┌────────

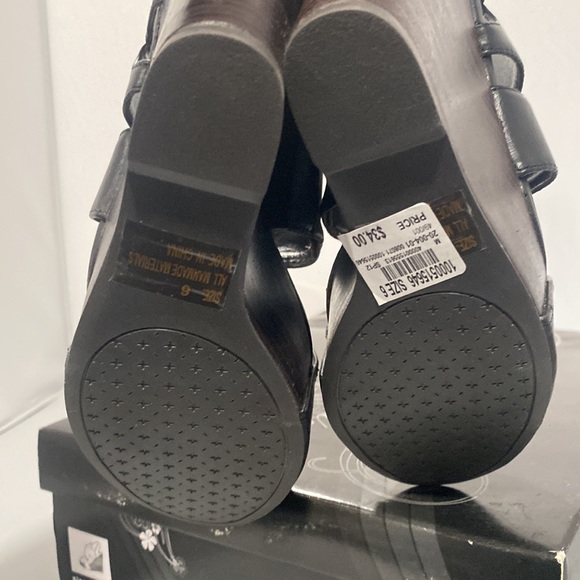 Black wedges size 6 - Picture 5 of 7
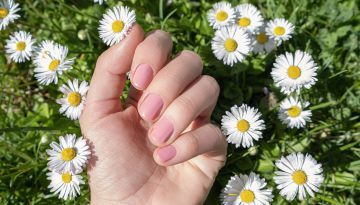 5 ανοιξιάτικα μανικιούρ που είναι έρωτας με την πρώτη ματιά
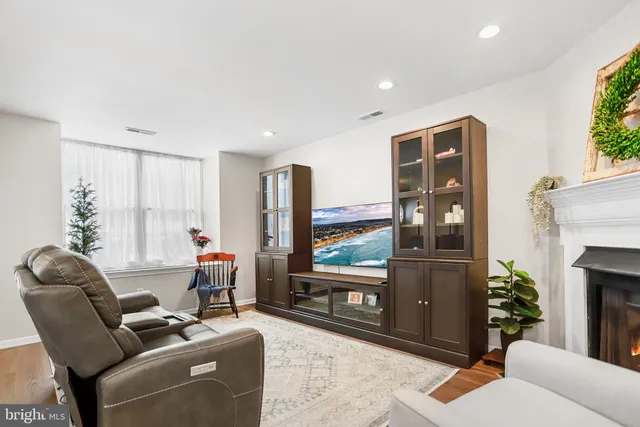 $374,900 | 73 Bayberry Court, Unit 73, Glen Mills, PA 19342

└────────
┌────────

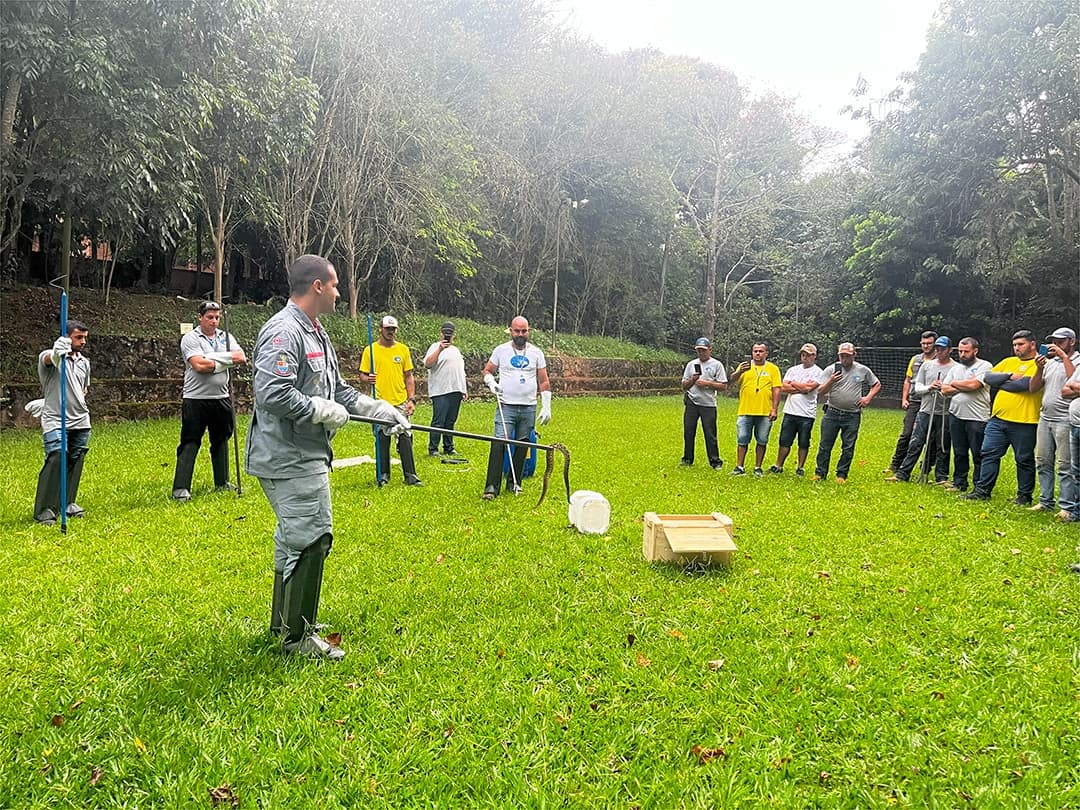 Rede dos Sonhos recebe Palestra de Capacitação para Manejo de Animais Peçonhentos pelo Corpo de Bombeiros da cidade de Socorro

└────────
┌────────

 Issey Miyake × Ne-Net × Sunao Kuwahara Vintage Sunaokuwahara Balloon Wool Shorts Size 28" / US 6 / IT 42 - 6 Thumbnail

└────────

▸ ASSIGNMENT
Find the line with "Black wedges size 6 - Picture 5 of 7" in the entries above. Set down exactly every line from it up to and including the line with "Mills, PA 19342", images excluded.

▸ RESPONSE TO THE TASK
 Black wedges size 6 - Picture 5 of 7
 5 ανοιξιάτικα μανικιούρ που είναι έρωτας με την πρώτη ματιά
 $374,900 | 73 Bayberry Court, Unit 73, Glen Mills, PA 19342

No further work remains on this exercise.